Science of Signatures (SoS)
In its broadest and simplest sense, a “signature” is any information that is unique, recognizable, and useful. A handwritten mark as a means of demonstrating authenticity is a familiar example, as is the pattern variation that lets us distinguish spinach from poison ivy.
Phrased differently, signatures come from both raw signals and from information that can then be translated into knowledge.
One of four science pillars championed by Los Alamos National Laboratory, the Science of Signatures (SoS) applies our complete technological toolbox to solving intransigent problems in global security, nuclear defense, energy, and health.
SoS pillar strategy
The Laboratory’s scientific strategy is to discover new signatures, revolutionize the measurement of signatures, and engineer and deploy advanced signature-related technologies from the lab to the field.
Specifically, Los Alamos scientists
- Characterize measures, signals, and properties in or of complex systems to detect or attribute change.
- Predict systems behavior across scales in space (subatomic to astronomic) and time (femtosecond to geologic).
- Assess impacts to the system of change.
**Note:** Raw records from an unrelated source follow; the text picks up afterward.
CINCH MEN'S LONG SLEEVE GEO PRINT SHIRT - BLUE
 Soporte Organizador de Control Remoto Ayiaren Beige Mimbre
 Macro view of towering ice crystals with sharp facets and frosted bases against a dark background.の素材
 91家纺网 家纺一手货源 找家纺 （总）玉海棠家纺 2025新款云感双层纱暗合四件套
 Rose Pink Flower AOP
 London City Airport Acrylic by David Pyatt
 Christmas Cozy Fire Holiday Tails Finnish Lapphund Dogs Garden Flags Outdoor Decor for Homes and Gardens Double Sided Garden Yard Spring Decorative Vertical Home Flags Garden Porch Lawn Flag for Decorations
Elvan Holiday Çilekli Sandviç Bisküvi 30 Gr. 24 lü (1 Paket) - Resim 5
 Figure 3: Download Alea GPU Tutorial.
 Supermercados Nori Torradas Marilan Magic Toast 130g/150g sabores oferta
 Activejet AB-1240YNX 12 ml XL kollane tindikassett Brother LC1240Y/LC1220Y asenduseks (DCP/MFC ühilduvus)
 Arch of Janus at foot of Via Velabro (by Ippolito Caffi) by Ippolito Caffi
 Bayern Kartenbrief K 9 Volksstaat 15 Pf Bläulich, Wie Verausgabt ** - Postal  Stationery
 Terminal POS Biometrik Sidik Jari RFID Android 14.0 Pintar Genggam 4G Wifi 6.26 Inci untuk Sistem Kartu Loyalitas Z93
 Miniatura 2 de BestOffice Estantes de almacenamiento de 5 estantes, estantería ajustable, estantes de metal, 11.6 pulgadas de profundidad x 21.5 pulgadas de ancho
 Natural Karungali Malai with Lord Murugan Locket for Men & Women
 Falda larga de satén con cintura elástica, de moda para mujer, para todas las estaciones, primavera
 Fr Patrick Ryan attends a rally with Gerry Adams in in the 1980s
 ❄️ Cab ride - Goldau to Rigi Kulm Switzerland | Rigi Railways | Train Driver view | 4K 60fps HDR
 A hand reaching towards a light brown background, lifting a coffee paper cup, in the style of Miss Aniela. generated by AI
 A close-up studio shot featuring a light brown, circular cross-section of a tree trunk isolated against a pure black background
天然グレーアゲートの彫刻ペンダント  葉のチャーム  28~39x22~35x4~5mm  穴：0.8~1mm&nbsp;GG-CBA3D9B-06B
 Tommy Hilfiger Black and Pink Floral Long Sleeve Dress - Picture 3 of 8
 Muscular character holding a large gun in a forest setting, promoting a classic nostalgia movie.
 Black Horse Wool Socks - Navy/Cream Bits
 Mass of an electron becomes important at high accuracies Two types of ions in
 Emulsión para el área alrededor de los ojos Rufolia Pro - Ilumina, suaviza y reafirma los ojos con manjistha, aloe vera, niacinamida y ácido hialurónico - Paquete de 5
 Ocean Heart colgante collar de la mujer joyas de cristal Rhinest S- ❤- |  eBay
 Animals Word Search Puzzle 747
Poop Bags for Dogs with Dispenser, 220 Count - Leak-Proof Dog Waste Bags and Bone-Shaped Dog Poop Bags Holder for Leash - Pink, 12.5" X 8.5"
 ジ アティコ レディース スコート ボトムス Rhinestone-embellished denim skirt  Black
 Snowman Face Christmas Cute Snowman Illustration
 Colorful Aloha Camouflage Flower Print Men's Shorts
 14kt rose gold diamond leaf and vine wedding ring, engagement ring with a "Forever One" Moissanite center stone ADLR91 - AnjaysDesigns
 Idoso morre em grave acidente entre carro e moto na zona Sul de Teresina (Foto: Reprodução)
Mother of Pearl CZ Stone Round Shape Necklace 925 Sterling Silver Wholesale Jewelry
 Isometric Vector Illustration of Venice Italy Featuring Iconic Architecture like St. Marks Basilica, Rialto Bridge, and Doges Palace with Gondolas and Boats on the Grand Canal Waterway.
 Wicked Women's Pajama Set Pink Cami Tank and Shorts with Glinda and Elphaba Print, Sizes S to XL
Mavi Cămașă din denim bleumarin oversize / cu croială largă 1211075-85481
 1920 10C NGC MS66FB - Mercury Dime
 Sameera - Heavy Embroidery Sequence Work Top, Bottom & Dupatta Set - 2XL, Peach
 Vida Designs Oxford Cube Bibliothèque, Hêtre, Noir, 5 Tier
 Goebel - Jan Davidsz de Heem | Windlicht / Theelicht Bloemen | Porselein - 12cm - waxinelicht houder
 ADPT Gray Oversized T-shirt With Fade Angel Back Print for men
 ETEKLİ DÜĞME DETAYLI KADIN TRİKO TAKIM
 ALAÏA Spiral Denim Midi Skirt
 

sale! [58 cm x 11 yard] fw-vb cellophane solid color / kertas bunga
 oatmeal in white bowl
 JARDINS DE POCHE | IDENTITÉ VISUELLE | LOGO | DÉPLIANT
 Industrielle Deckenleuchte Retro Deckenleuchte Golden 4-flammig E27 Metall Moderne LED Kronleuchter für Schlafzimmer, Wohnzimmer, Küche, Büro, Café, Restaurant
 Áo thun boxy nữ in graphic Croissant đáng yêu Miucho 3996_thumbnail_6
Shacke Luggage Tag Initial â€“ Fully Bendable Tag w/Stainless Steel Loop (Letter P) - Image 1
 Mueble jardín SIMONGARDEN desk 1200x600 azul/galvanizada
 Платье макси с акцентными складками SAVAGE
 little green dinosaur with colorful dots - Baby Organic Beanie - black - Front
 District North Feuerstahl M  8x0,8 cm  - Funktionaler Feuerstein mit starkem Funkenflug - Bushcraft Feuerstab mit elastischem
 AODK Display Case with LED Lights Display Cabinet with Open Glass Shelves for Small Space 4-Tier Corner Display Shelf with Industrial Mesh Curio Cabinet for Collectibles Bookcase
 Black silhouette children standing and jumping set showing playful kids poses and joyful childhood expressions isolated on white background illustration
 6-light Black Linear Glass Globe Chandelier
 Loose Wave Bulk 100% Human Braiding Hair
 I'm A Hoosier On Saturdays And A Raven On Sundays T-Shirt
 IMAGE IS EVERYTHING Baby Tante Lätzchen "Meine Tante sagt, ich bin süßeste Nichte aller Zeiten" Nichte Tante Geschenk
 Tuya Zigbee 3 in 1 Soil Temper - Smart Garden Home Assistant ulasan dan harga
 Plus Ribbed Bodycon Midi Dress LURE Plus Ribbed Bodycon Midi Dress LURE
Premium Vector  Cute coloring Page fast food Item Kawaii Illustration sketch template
Los Alamos areas of leadership in SoS
- Nuclear and Radiological Signatures
- Chemical and Materials Signatures
- Biological Signatures
- Energy Signatures
- Climate Signatures
- Space Signatures
Historical roots of the SoS pillar
Los Alamos can trace the roots of the Science of Signatures concept back to the Manhattan Project. One of the science challenges of that day was to understand how a nuclear device performed. Although the theoretical underpinnings of performance were understood, scientists still had many questions, including the following:
- How did that theoretical understanding conform to the experimental reality of the nuclear explosion?
- What were the observables of value, or “signatures,” that would verify and validate the theory?
- What were the prompt diagnostics (measurements in extreme conditions) that would give us information that would advance our ability to computationally model how the nuclear device worked?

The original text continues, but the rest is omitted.